▶ **WHAT THE TASK ASKS**
Provide an exact copy of the data, excluding the images.

▶ **DATA EXCERPTS**
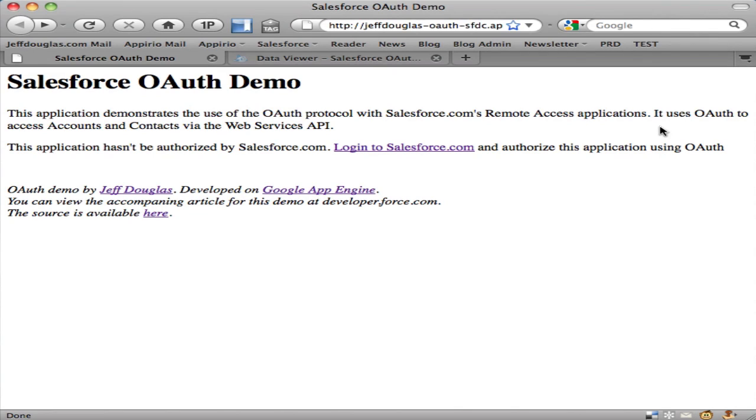This video accompanies the article on developer.force.com entitled Authorizing Force.com Web Applications with OAuth. It shows how a consumer application built on Google App Engine uses OAuth to authorize access to data on force.com.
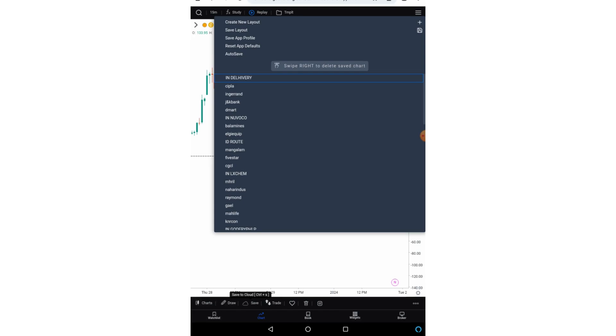Then third option is save a profile. So what is save a profile? So friends when you open go charting for the first time, a default page opens. So that is your app profile. Then we also have reset app defaults. You can click on that and all your settings will be reset.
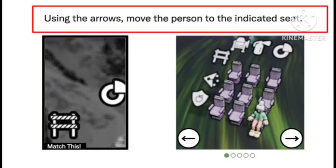Hey guys, welcome to our channel. If you are getting this verification error like this puzzle shown on your verification page — 'use the arrows, move the person to the indicated event' — I will tell you how you can fix this trouble in this video. You just need to follow some simple steps that will help you fix this problem.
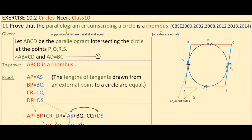Since it is a parallelogram, the opposite sides are equal: AB is equal to CD, and AD is equal to BC. Here we have to prove that ABCD is a rhombus.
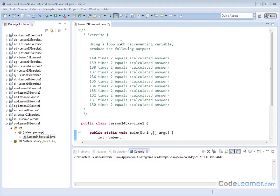Hello, welcome to Lesson 24, Exercise 1. Here we're going to practice with decrementing variables, and we need to produce the following output using a loop with a decrementing variable.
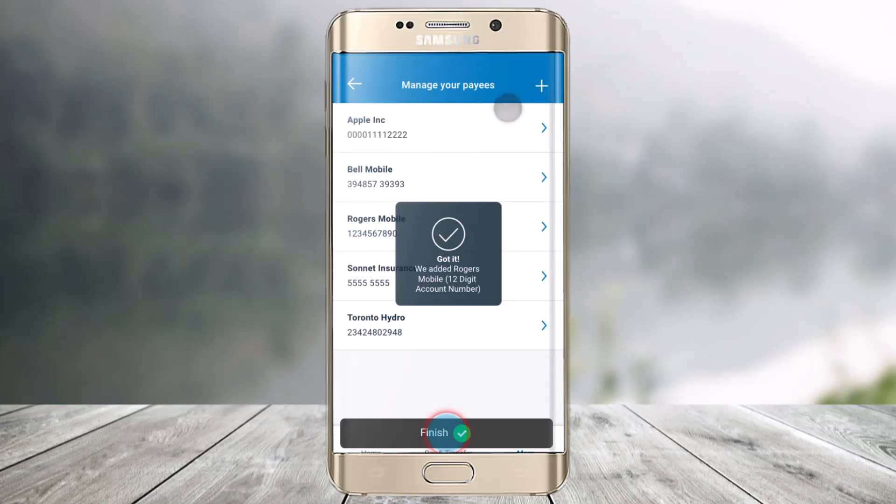That is it for this video on how you can add a payee to bill payments on the BMO mobile app. We hope the video was really helpful, and if it did help you, make sure to leave a like and subscribe to our channel. If you have any questions, feel free to leave them down below. Thank you very much for watching and see you in the next video.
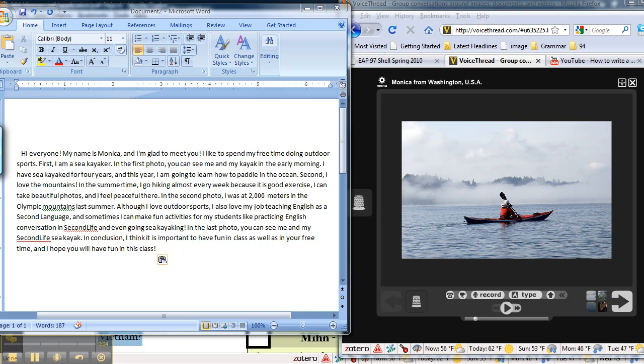In this video I'll show you how to record voice in your VoiceThread slideshow. On the left side you see my script. This means the words that I'm going to say.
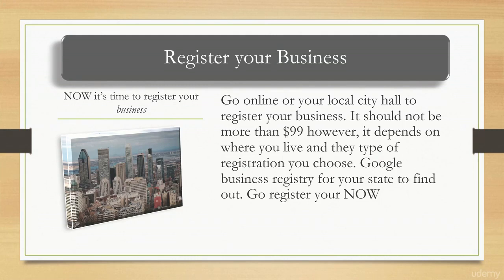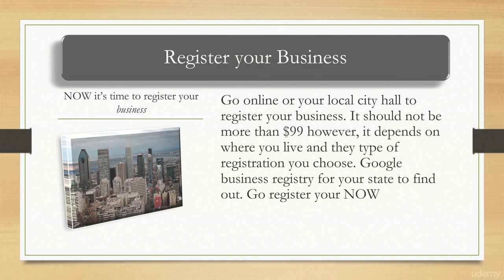It should not cost you more than $99 to register your business. However, it depends on where you live. I'm not certain how it works outside of the U.S. or in certain states, but I can tell you that it shouldn't cost you that much money at all.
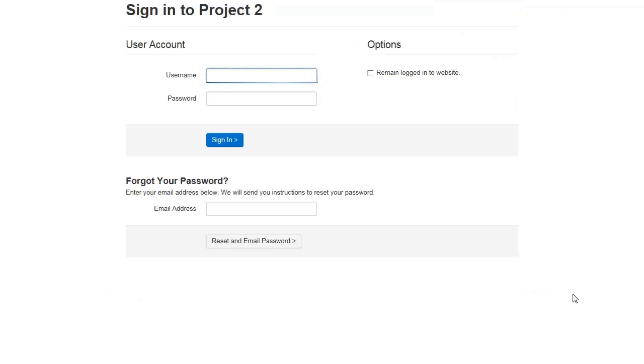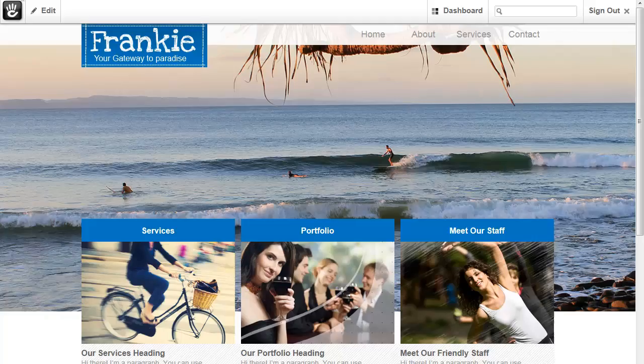Put in your username and password which has been provided to you. Now we can update our content.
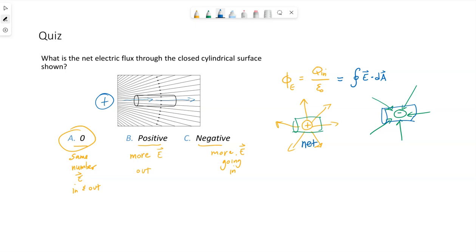The example of having a positive charge inside would be an example of a net positive flux. Having a negative charge in there would be a net negative flux. Ultimately, what that boils down to is whether you end up with more electric field lines coming out of your three-dimensional closed surface or more field lines going in.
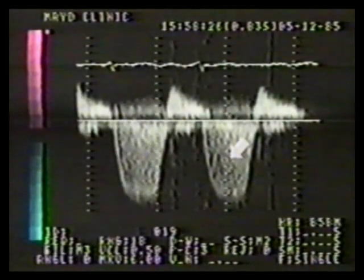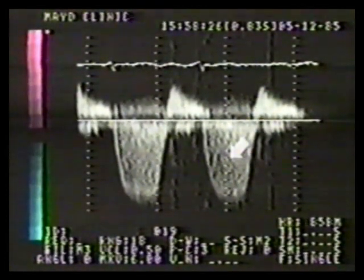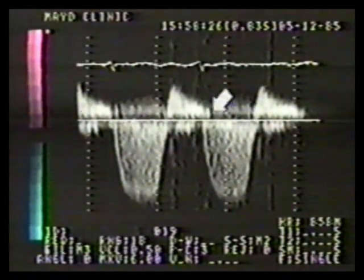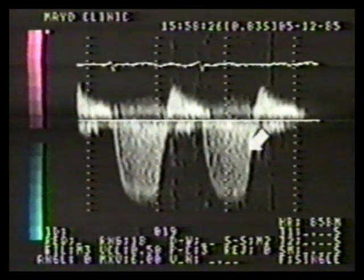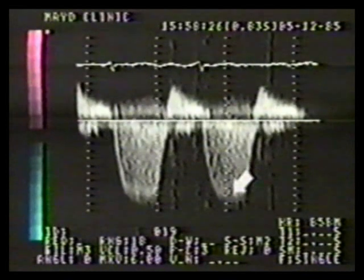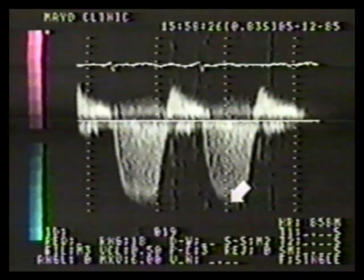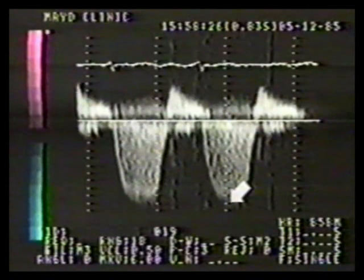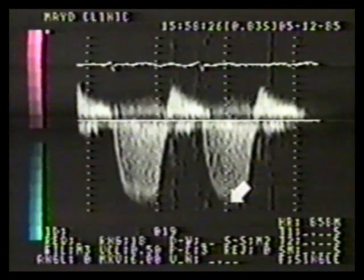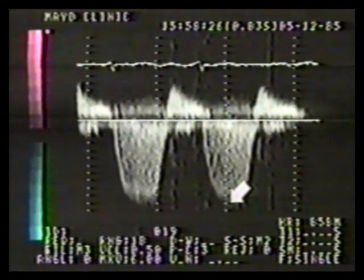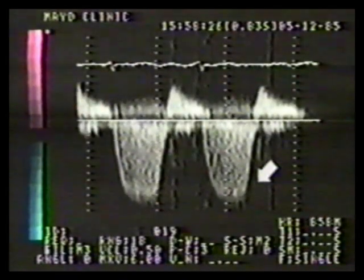The diagnosis of mitral regurgitation can be confirmed by continuous wave Doppler. These signals were obtained with a non-imaging probe at the apex. The patient also has mild mitral stenosis. This holosystolic envelope represents mitral regurgitation. Note that this is a high-velocity jet at 5.5 meters per second. In real time, listen to the characteristic audio signal of mitral regurgitation.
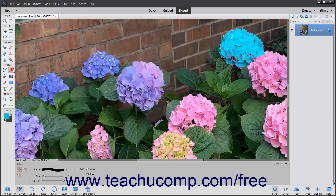The Eraser tool applies the background color to an image. Contrary to what its name implies, this tool does not make pixels transparent, but rather applies the background color versus the foreground color.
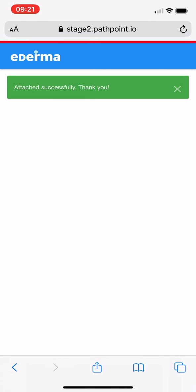You can see that the photos have been attached successfully. Thank you very much — it's that simple. Thanks for watching.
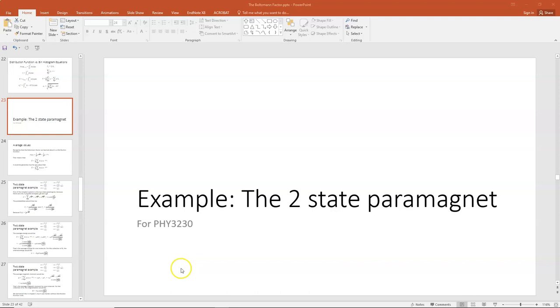In this lecture, I'm going to use the ideas we developed about partition functions, Boltzmann factors, and distribution functions in general, and solve the problem of the two-state paramagnet.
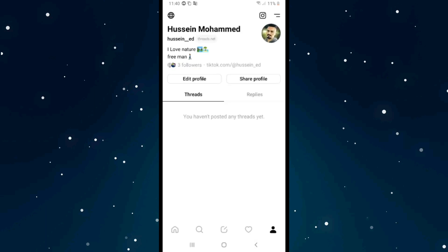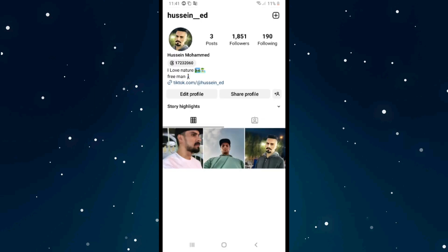On Threads you can't change it from here, you can change it only from Instagram app. I will click on the right top corner and it will take me to Instagram, and after that click on edit profile.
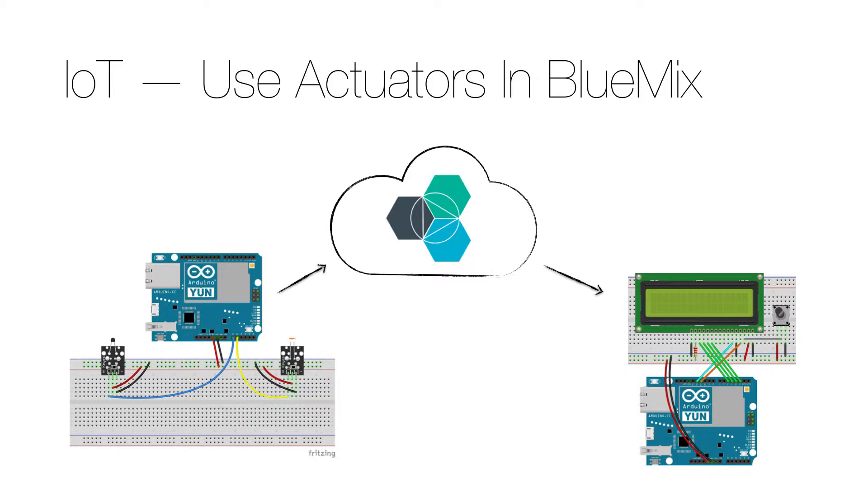To send messages to devices in Bluemix you have to register the device and to do that you need to sign up for the Internet of Things Foundation, register your devices and also set up a real Internet of Things service.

▶ **RESULT FOR THIS TASK**
This video accompanies the article on developer.force.com entitled Authorizing Force.com Web Applications with OAuth. It shows how a consumer application built on Google App Engine uses OAuth to authorize access to data on force.com.
Then third option is save a profile. So what is save a profile? So friends when you open go charting for the first time, a default page opens. So that is your app profile. Then we also have reset app defaults. You can click on that and all your settings will be reset.
Hey guys, welcome to our channel. If you are getting this verification error like this puzzle shown on your verification page — 'use the arrows, move the person to the indicated event' — I will tell you how you can fix this trouble in this video. You just need to follow some simple steps that will help you fix this problem.
Since it is a parallelogram, the opposite sides are equal: AB is equal to CD, and AD is equal to BC. Here we have to prove that ABCD is a rhombus.
Hello, welcome to Lesson 24, Exercise 1. Here we're going to practice with decrementing variables, and we need to produce the following output using a loop with a decrementing variable.
That is it for this video on how you can add a payee to bill payments on the BMO mobile app. We hope the video was really helpful, and if it did help you, make sure to leave a like and subscribe to our channel. If you have any questions, feel free to leave them down below. Thank you very much for watching and see you in the next video.
In this video I'll show you how to record voice in your VoiceThread slideshow. On the left side you see my script. This means the words that I'm going to say.
It should not cost you more than $99 to register your business. However, it depends on where you live. I'm not certain how it works outside of the U.S. or in certain states, but I can tell you that it shouldn't cost you that much money at all.
Put in your username and password which has been provided to you. Now we can update our content.
The example of having a positive charge inside would be an example of a net positive flux. Having a negative charge in there would be a net negative flux. Ultimately, what that boils down to is whether you end up with more electric field lines coming out of your three-dimensional closed surface or more field lines going in.
The diagnosis of mitral regurgitation can be confirmed by continuous wave Doppler. These signals were obtained with a non-imaging probe at the apex. The patient also has mild mitral stenosis. This holosystolic envelope represents mitral regurgitation. Note that this is a high-velocity jet at 5.5 meters per second. In real time, listen to the characteristic audio signal of mitral regurgitation.
The Eraser tool applies the background color to an image. Contrary to what its name implies, this tool does not make pixels transparent, but rather applies the background color versus the foreground color.
You can see that the photos have been attached successfully. Thank you very much — it's that simple. Thanks for watching.
In this lecture, I'm going to use the ideas we developed about partition functions, Boltzmann factors, and distribution functions in general, and solve the problem of the two-state paramagnet.
On Threads you can't change it from here, you can change it only from Instagram app. I will click on the right top corner and it will take me to Instagram, and after that click on edit profile.
To send messages to devices in Bluemix you have to register the device and to do that you need to sign up for the Internet of Things Foundation, register your devices and also set up a real Internet of Things service.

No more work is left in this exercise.